The road to TEDx was a winding path of self-discovery, courage and mental toughness. I was a TEDx Savannah volunteer in 2018. It was one the most thrilling experiences of my life. I didn't understand then what moved people to take on such an opportunity for growth. All the work for applause didn't make sense. Things began to shift for me in 2019. I reframed the idea into what my message could mean for others. That my journey and experiences could add value to the lives of others began to take shape. 

That's the boldness of giving a talk such as TED or TEDx. I imagine super famous people are invited to give TED talks, but TEDx is different. As speakers, we decide that our message has value and pursue our chance to get on stage.  

I had a few hurdles to cross to get to that stage. Including a massive panic attack on my way to the most incredible mall in the world, which happens to be located across a massive bridge in Jacksonville, FL. There was also the emcee's email stating I had PTSD, which sent me into a spiral so intense that it altered my speech and my perception to accept that I do in fact have PTSD. Everyone around me knew it accept me. I was repeatedly reminded of that fact as I tried to distance myself from that reality, even in my talk. What a gift to receive. All of those experiences afforded me the opportunity to see myself as deserving of grace, tenderness and love.

The link doesn't go live for another few days. Big TED has to review and approve. Next steps are to allow the rest of this journey to unfold as the universe intends. I allow for things to stay as they are (unlikely) or something fascinatingly better to come into being a new reality.

Wednesday, April 13, 2022

I Leaned In So Far I Fell Over


Have you ever wanted to change your life? Have you ever had the feeling you were in the wrong place, but only to show you how to get to the right place? If you have then you intuitively understand the intersection of confusion and knowing that I have lived for the last eight years. 

Motherhood is complicated, and first-time motherhood is arduous terrain. A few weeks after my son, who is now eight, was born his Godmother uttered chilling words I will never forget, "From now on your life will be dominated by the search for efficient and safe childcare." The joy and satisfaction I had holding my son after I survived 14 hours of labor leeched out through one of the folds in his blanket.
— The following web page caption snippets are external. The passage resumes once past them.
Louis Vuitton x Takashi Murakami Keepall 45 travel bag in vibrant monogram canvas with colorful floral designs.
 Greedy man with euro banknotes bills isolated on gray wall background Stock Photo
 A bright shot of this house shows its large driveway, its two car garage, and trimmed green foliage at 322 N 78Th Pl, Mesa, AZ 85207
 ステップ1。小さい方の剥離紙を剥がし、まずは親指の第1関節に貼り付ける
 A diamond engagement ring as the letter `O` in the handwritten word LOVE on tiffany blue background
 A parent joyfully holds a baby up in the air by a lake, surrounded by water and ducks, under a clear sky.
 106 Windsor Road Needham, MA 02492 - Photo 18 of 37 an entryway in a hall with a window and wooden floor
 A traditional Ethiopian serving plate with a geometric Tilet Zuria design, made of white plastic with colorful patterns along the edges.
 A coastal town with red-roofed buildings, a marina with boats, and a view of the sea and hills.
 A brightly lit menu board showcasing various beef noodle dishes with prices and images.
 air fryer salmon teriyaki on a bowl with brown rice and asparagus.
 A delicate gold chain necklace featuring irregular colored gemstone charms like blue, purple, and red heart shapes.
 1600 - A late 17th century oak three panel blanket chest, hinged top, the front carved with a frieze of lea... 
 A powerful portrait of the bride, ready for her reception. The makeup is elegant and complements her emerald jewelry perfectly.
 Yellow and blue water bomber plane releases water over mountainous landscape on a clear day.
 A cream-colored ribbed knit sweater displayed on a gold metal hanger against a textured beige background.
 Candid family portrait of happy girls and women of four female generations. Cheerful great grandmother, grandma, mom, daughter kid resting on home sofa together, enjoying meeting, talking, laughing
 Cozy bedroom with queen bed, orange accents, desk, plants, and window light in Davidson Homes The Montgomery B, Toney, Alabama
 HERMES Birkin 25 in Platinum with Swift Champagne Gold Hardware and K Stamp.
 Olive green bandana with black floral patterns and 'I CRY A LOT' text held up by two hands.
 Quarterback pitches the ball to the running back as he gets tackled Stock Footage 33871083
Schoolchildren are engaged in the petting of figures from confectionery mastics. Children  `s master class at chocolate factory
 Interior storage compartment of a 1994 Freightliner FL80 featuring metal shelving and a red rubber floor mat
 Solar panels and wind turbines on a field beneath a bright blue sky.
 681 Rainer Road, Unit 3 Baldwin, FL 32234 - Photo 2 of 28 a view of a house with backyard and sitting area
Her words hit me at me at my weak spots. Between the two of us Ryan and I have five healthy parents. That's plenty of hands to go around! However, as days turned to weeks, months and years, I found the reliance on family for childcare was a pipedream. Compounded by the fact that we lived halfway across the world in Italy when Hunter was born, it dawned on me that Hunter's Godmother was prescient. 

I viewed my career as an essential part of my identity. Independence is a requisite component to my happiness. It was why I worked so hard to graduate from college and grad school and secure a career. I could not, should not give that up to RAISE A BABY. EVER. No one I knew did this. My peers hired nannies or seemed to have a mythical set up that ensured their offspring were always cared for no matter what. What happened next in my journey was a surprise. 

My resourceful nature was key to balancing motherhood and career. My aunt stayed with us for the first three months after I gave birth. Then Ryan's mother for three months after that. By then Hunter was ready for daycare. I cried that first day at drop off but prioritized getting back to work. I needed my identity to be tied to my career. The alternative title, MOM, more precisely STAY-AT-HOME MOM terrified me. Waitlist navigation became an essential part of my existence. When the list for daycare, preschool, kindergarten and later specialized elementary schools opened, closed and how many were on the list dominated my life. 

One of us, typically Ryan, travels a few times a month. I juggled childcare needs and stuffed down any sense of guilt that tried to make its way to the surface. The juggling act was trickier Stateside. Although closer to family, they weren't as willing or available to us as we had hoped. 

Most unfortunately, I became determined to prove I could do it all. Buoyed by Sheryl Sandberg's book Lean In, I continued to push for a defining career worthy of my experience, education and talent. I needed to be challenged and respected at work. I pushed, networked and applied until I got as close to my previous high-powered roles as I could. When I finally arrived at my cube back in Corporate America a sense of unease slowly began to creep over me like slug on the concrete after a humid spring rain. The title was impressive inside the organization, although coordinator had an administrative ring to my seasoned ear. The pay was better than any other since my arrival, but below my worth.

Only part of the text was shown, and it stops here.